▶ **TRY IT**
Beginning at the line that mentions "Nikol Pashinyan a", retype the rest of the records below exactly. Pictures are not part of the copy.

▶ **DATASET CONTENT**
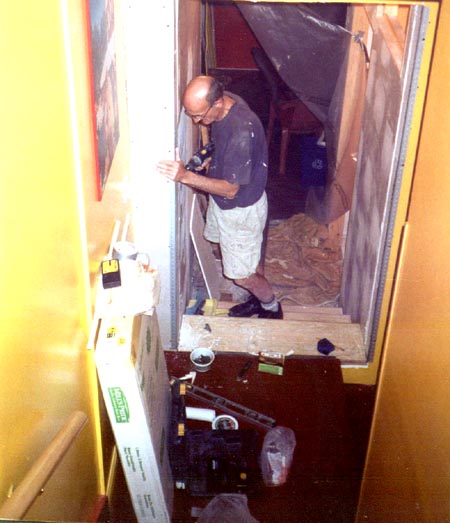 reno1.jpg (49577 bytes)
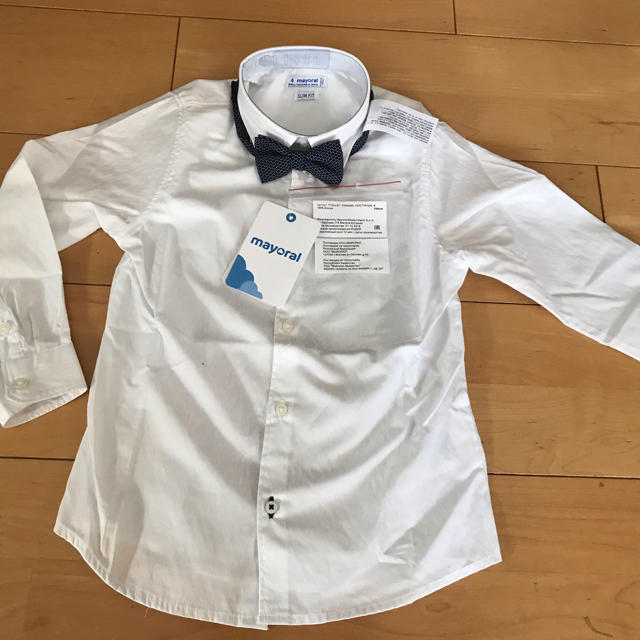 Ralph Lauren(ラルフローレン)の新品未使用 mayoral 白シャツ 4Ｙ 日本未上陸 キッズ/ベビー/マタニティのキッズ服男の子用(90cm~)(ドレス/フォーマル)の商品写真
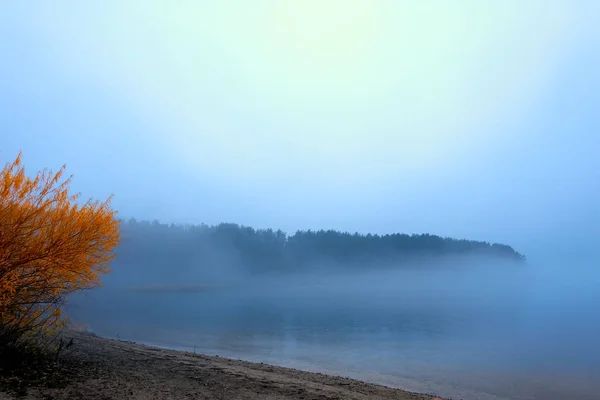 Orilla Del Lago Islas Escondidas Detrás Una Espesa Niebla Piedras — Foto de Stock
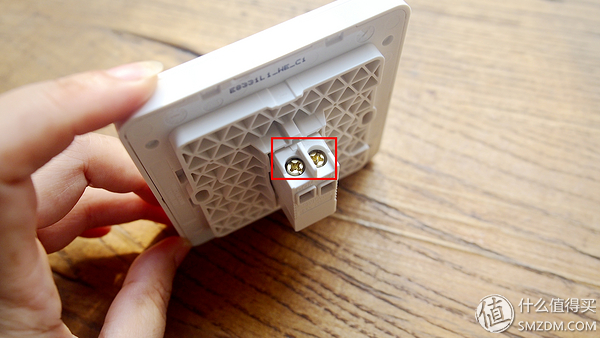 无边框开关插座,无边框开关插座拆解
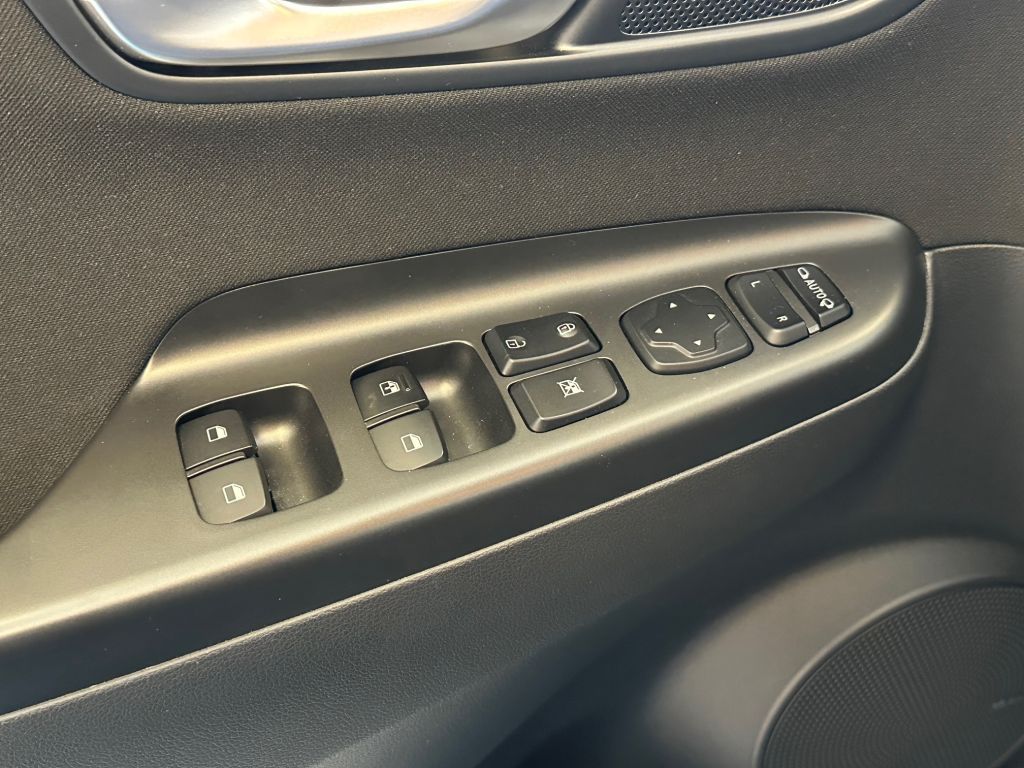 Fahrzeugabbildung Hyundai KONA 1.6 GDI DCT Hybrid Trend + Navi Paket +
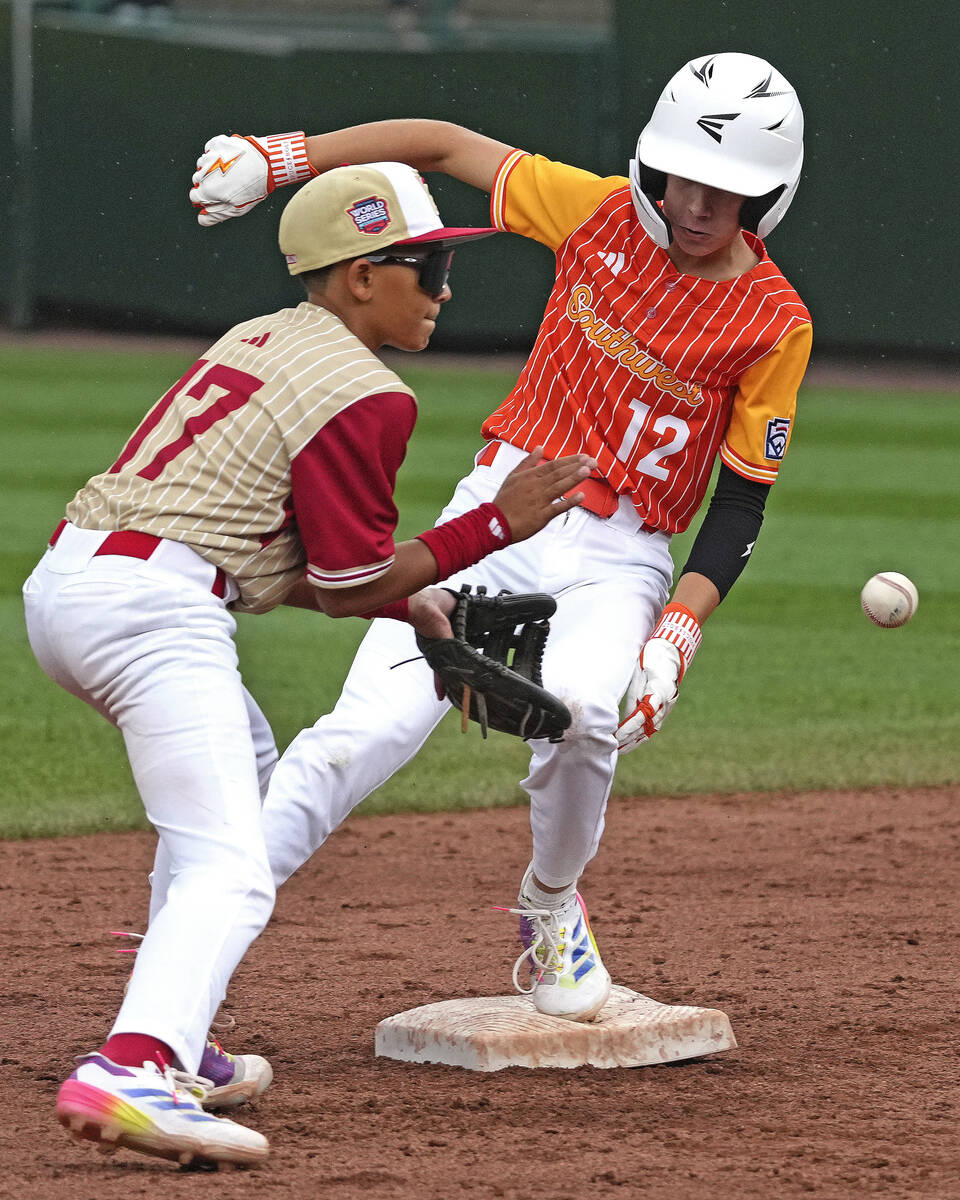 Boerne, Texas' Gage Steubing (12) avoids the force out at second as Henderson, Nev.'s Russell M ...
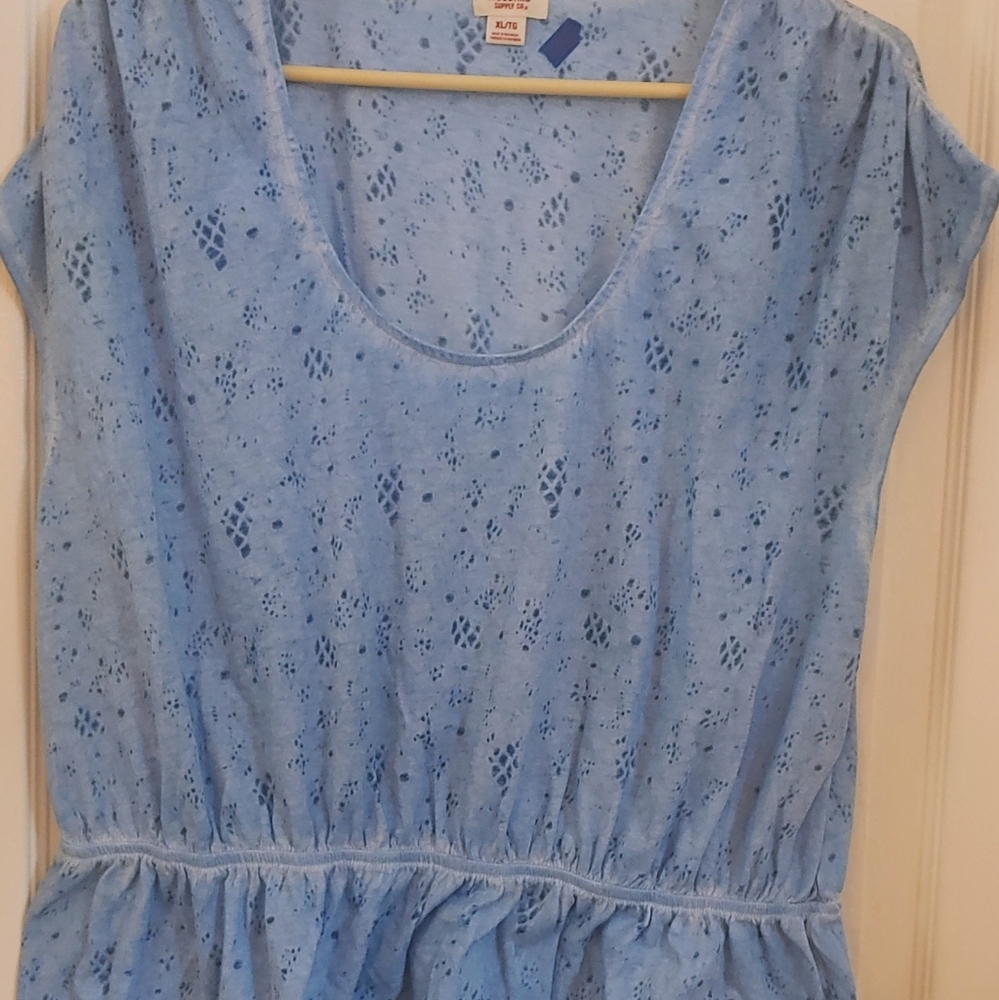 Light blue scoop neck top in XL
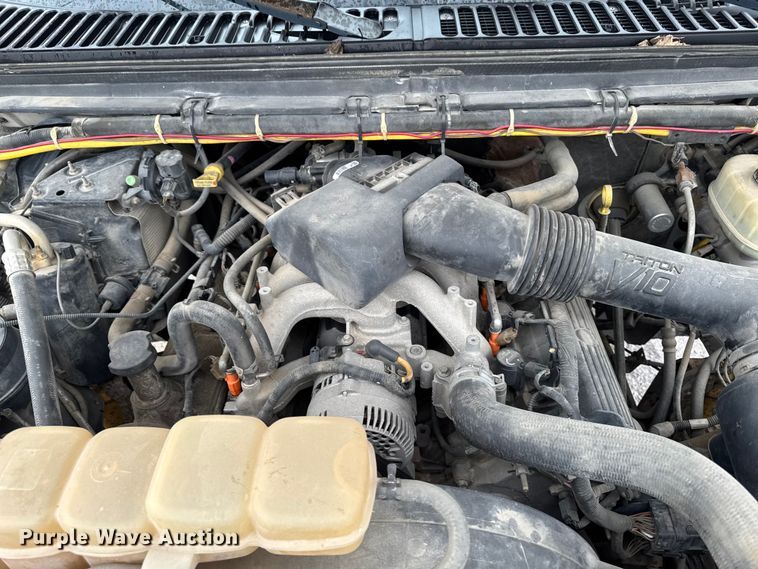 image for item ER0494 2004 Ford F550 Super Duty Crew Cab dump truck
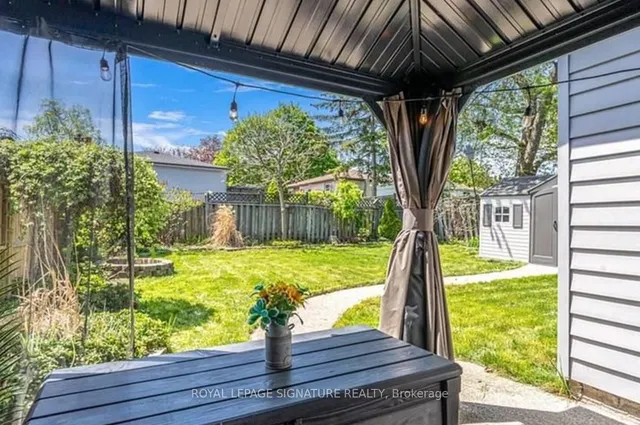 Additional image 36 of 40 Queenslea Dr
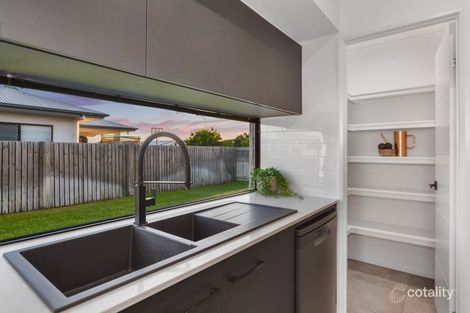 Property photo of 8 Henderson Street Mount Low QLD 4818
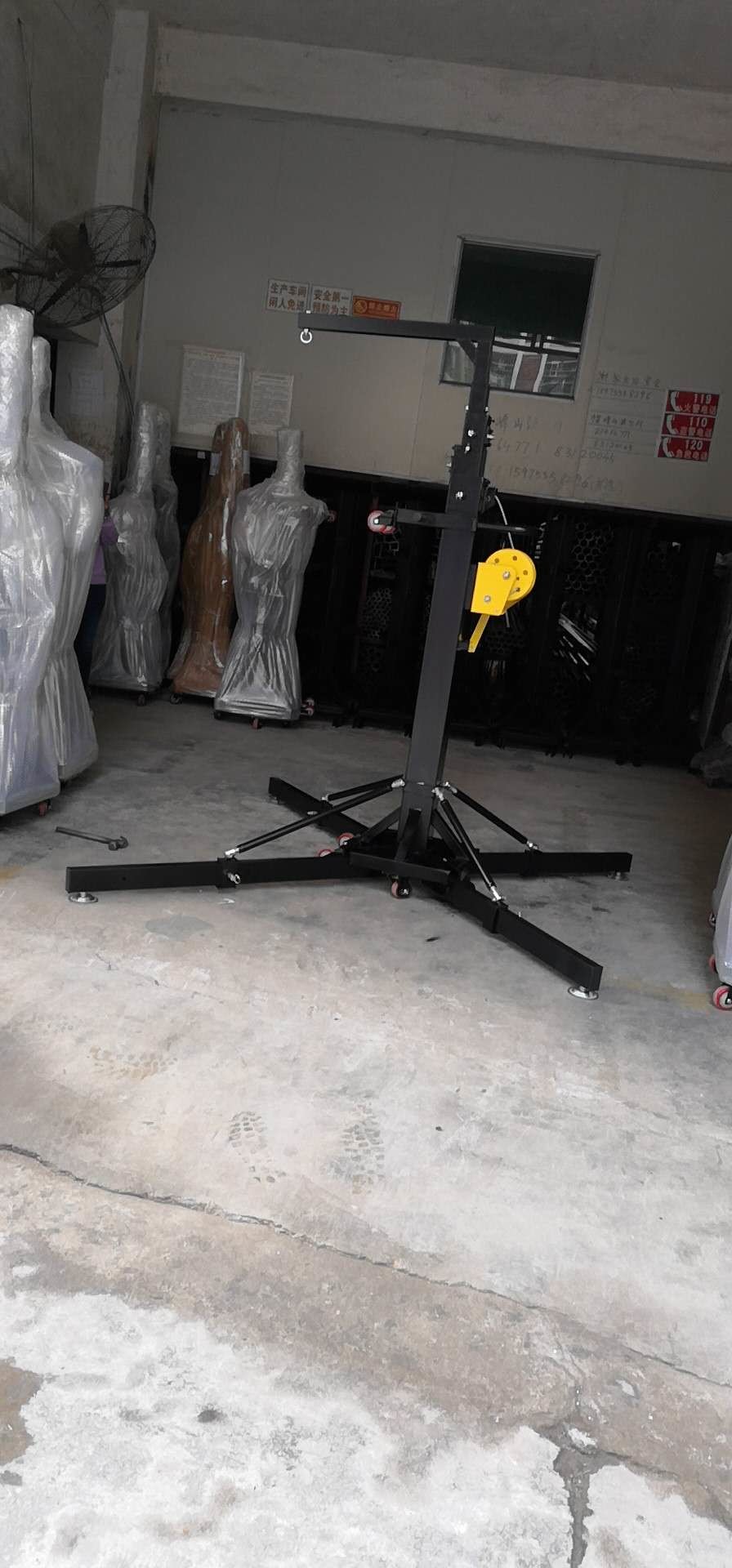 Heavy Duty DJ Folding Line Array Truss Speaker Crank Up Stand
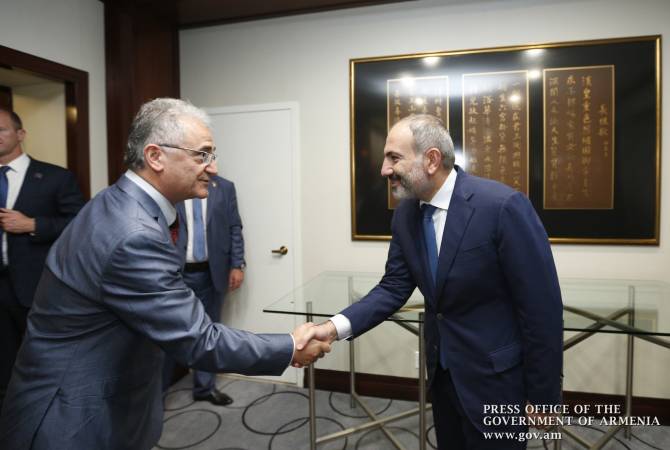 Nikol Pashinyan a rencontré des dirigeants du Parti Démocrate-Libéral Ramgavar de l'Ouest 
Américaine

▶ **ANSWER SPACE**
 Nikol Pashinyan a rencontré des dirigeants du Parti Démocrate-Libéral Ramgavar de l'Ouest 
Américaine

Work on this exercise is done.